From our simulation analyses only the composted organic matter treatment had any impact on yield with respect to season producing small, but consistent increases in grain yield between the 20th and 60th percentiles (Birchip 508 kg/ha median response and Lubeck 736 kg/ha median response). At the extremes (dry and wet seasons) no yield benefits from organic matter amelioration were indicated. Likewise no yield response to deep ripping and deep placement of nutrients occurred. Whilst our conclusions are conservative in that we have examined the maximal response, there are potential greater benefits from subsoil amelioration not demonstrated by the model.

Acknowledgements

The GRDC (Project DAV00049) and Victorian DPI funded this work. We also thank the farmers (Keith Barber and family at Birchip and the Maher family at Lubeck) who provided land and resources in conducting the field experiment at Birchip and Lubeck. We also thank Zvi Hochman and Graeme Hammer for thoughtful insights on how to model subsoil constraints using APSIM.

References

Armstrong RD, Flood R and Eagle C (2001). What is limiting the water use efficiency of cereals in the southern Wimmera? Proceedings of the 10th Australian Agronomy Conference, Hobart, www.regional.org.au/au/asa/2001/2/b/armstrong.htm. Accessed 7 July 2008.

Hochman Z, Dang YP, Schwenke GD, Dalgleish NP, Routley R, McDonald M, Daniells IG, Manning W and Poulton PL (2007). Simulating the effects of saline and sodic subsoils on wheat crops growing on Vertosols. Australian Journal of Agricultural Research 58, 802-810.

McCown RL, Hammer GL, Hargreaves JNG, Holzworth DP and Freebairn DM (1996). APSIM: A novel software system for model development, model testing and simulation in agricultural systems research.

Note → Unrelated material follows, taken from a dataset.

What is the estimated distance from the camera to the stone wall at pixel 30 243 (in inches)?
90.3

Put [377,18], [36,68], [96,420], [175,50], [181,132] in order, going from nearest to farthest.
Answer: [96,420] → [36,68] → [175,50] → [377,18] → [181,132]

Agricultural Systems 50, 255-271.

Nuttall JG, Armstrong RD and Connor DJ (2003). Evaluating physico-chemical constraints of calcarosols on wheat yield in the Victorian southern Mallee. Australian Journal of Agricultural Research 54, 487-498.

Sadras VO, O’Leary GJ and Roget DK (2005). Crop responses to compacted soils: capture and efficiency in the use of water and radiation. Field Crops Research 91, 131-148.